Compute the logarithm of a rotation matrix, which results in a $3-by-3$ skew-symmetric matrix. This function maps the lie group $SO(3)$ into its tangent space, which is the space of all $3-by-3$ skew symmetric matrices, the lie algebra $so(3)$. For details see e.g.
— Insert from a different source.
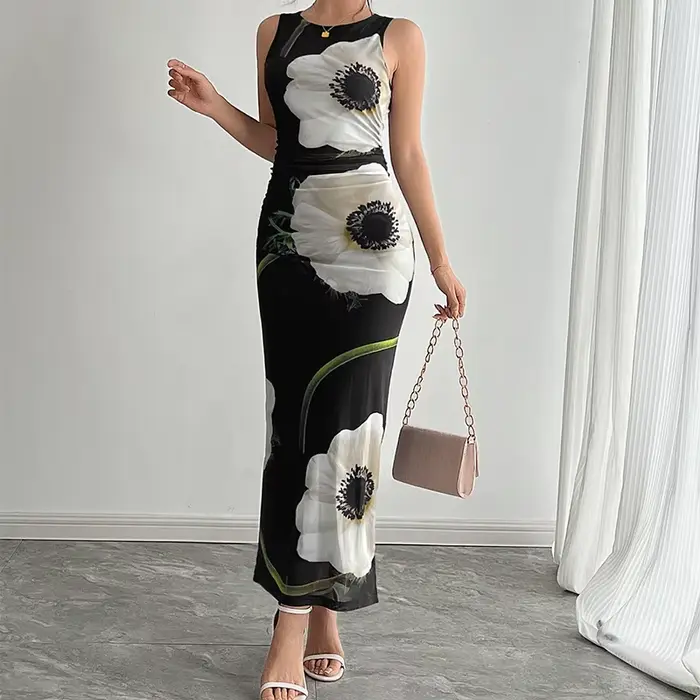 Robe longue débardeur élégante pour femmes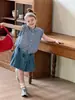 Falda de Mezclilla con Volantes para Niñas 2026 Verano Nueva Estilo Coreano Falda para Niños Falda Corta de Mezclilla Versátil para Bebé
Moakher (2002).

Usage

"log" (x, ...)

Arguments

x
$n-by-9$ matrix where each row corresponds to a random rotation matrix.
...
additional arguments.

Value

Skew symmetric matrix $log(R)$.

References

Moakher M (2002). "Means and averaging in the group of rotations." SIAM Journal on Matrix Analysis and Applications, 24(1), pp. 1-16.

Examples

Run this code
Rs <- ruars(20, rcayley)

#Here we demonstrate how the logarithm can be used to determine the angle and
#axis corresponding to the provided sample

lRs <- log(Rs)               #Take the logarithm of the sample
Ws <- lRs[,c(6, 7, 2)]       #The appropriate diagonal entries are the axis*angle
lens <- sqrt(rowSums(Ws^2))
axes <- mis.axis(Rs)
angs <- mis.angle(Rs)
all.equal(axes, Ws/lens)
all.equal(angs, lens)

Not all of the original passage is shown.